Next IPCC report will focus on clouds and sea level rises
The Intergovernmental Panel on Climate Change (IPCC) is also planning an extra report on extreme events such as droughts, floods, heat waves or mudslides projected because of global warming.
Michael von Bülow | COP15 Copenhagen | 20/07/2009 07:55
The next assessment report from the Intergovernmental Panel on Climate Change (IPCC), due in 2014, will have more attention on cloud formation and rises in sea level, the head of the panel Rajendra Pachauri said on Friday.
"In the case of clouds we will certainly provide much greater emphasis in this report – clouds, aerosols, black carbon.

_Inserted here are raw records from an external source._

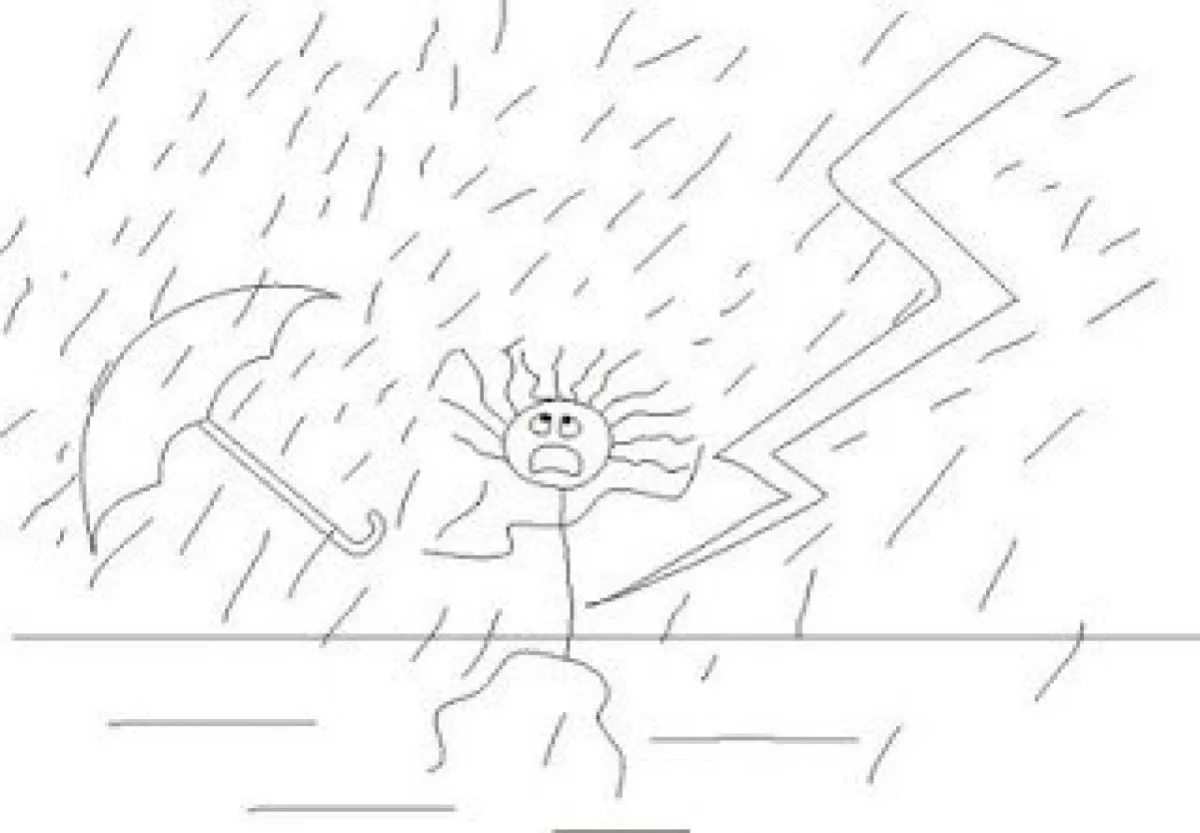 Test de personalidad: cómo analizar el famoso dibujo de la persona bajo la  lluvia | Voces Criticas - Salta - Argentina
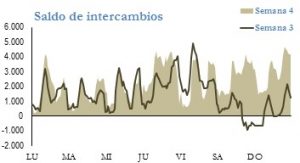 Icon of INTERCAMBIOS INTERNACIONALES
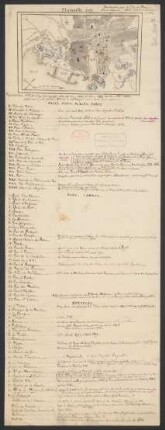 Marseille : [mit handschriftlichen Bemerkungen des Baron von Nothomb]
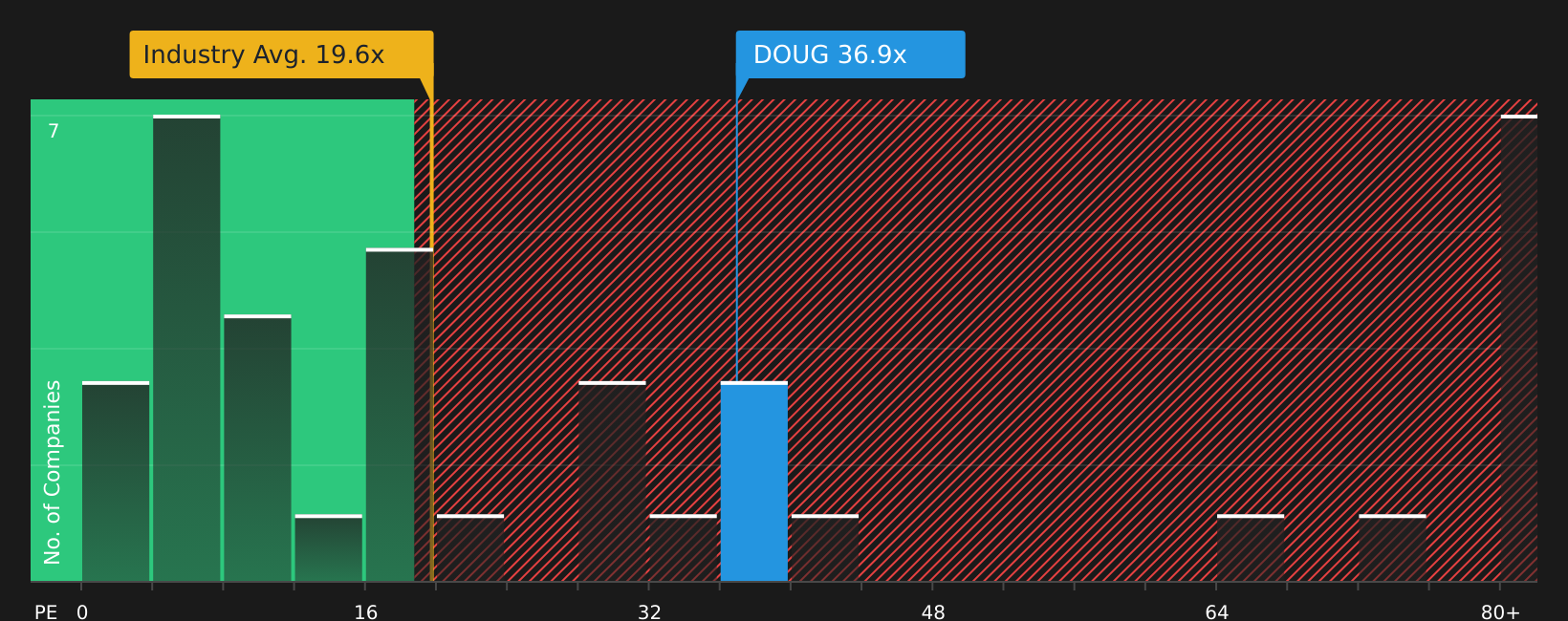 NYSE:DOUG P/E Ratio as at Jul 2026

These are issues that we will certainly cover in much greater detail," he told Reuters in a telephone interview from Venice, where leading scientists met last week to work out an outline to be approved later this year.
"Sea level rise is another issue that...will get much greater in-depth attention," Pachauri said.
The next report by the IPCC, which shared the 2007 Nobel Prize with climate activist and former US Vice President Al Gore, is intended to guide nations after the planned agreement of a new UN climate treaty in Copenhagen this December.
In addition to the assessment report the IPCC is planning an extra report on extreme events such as droughts, floods, heat waves or mudslides projected because of global warming.